DATASET SECTION ▸

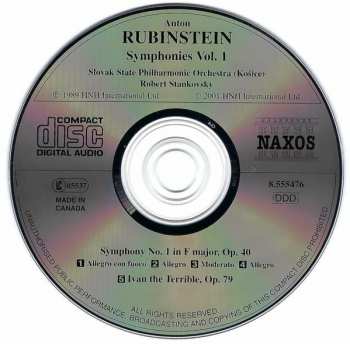 CD Anton Rubinstein: Symphonies Vol. 1: Symphony No. 1 • Ivan The Terrible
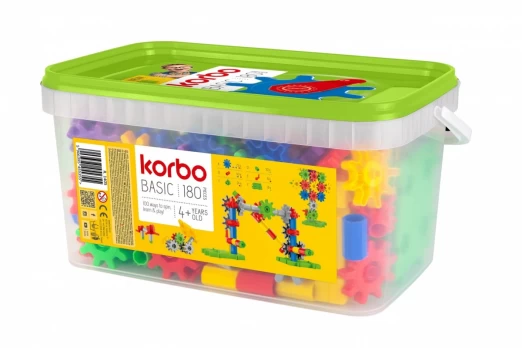 Kūrybinis konstravimo rinkinys Korbo Basic, 180 d.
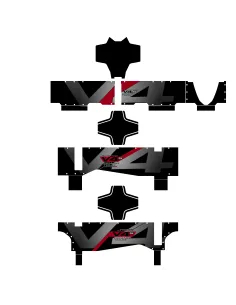 Suitcase Stickers per Ducati - Multistrada V4 S 2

WHAT IS EXPECTED ▸ Reproduce the whole listing exactly, but not the images in it.

RESULT ▸
 CD Anton Rubinstein: Symphonies Vol. 1: Symphony No. 1 • Ivan The Terrible
 Kūrybinis konstravimo rinkinys Korbo Basic, 180 d.
 Suitcase Stickers per Ducati - Multistrada V4 S 2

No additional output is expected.